Directions for this task =>
Return nothing but the lines from the one with "Dora De Larios, Group" through the one with "Pink And Green" in the data below, word for word and without pictures.

Given entries =>

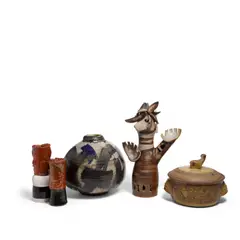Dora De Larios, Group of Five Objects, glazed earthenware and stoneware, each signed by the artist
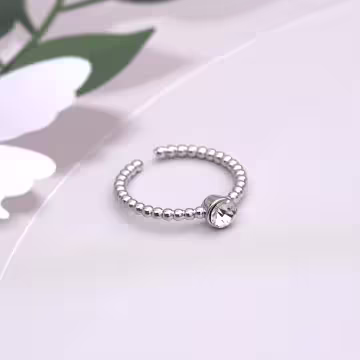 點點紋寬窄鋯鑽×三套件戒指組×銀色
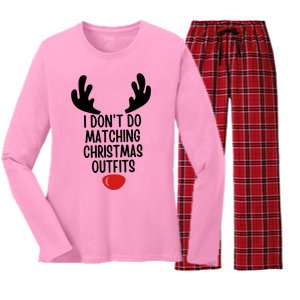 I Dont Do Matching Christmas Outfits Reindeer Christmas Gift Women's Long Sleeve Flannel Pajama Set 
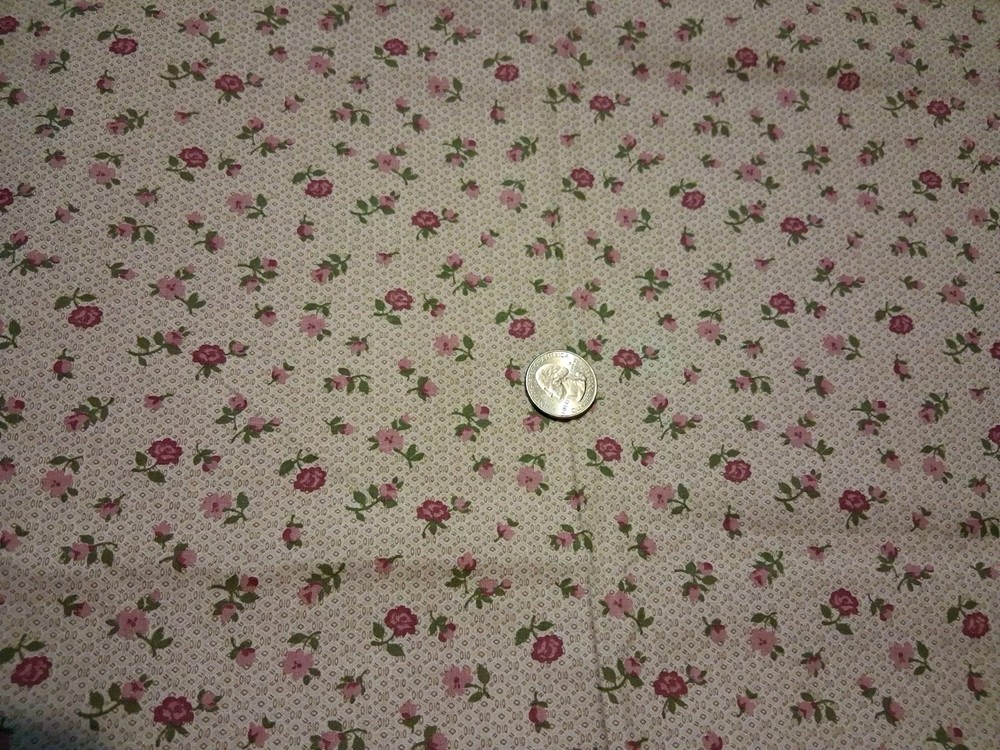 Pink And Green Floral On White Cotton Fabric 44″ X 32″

---

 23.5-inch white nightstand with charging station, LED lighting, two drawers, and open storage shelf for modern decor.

---

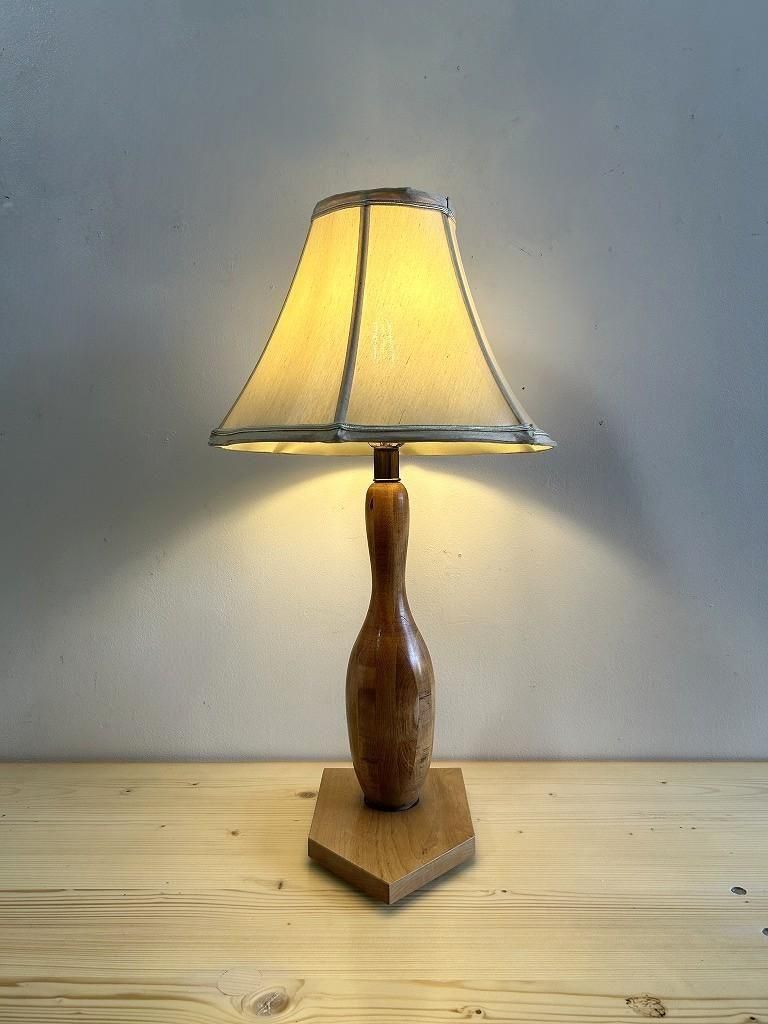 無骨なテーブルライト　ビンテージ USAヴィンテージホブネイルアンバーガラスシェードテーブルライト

Exercise answer =>
Dora De Larios, Group of Five Objects, glazed earthenware and stoneware, each signed by the artist
 點點紋寬窄鋯鑽×三套件戒指組×銀色
 I Dont Do Matching Christmas Outfits Reindeer Christmas Gift Women's Long Sleeve Flannel Pajama Set 
 Pink And Green Floral On White Cotton Fabric 44″ X 32″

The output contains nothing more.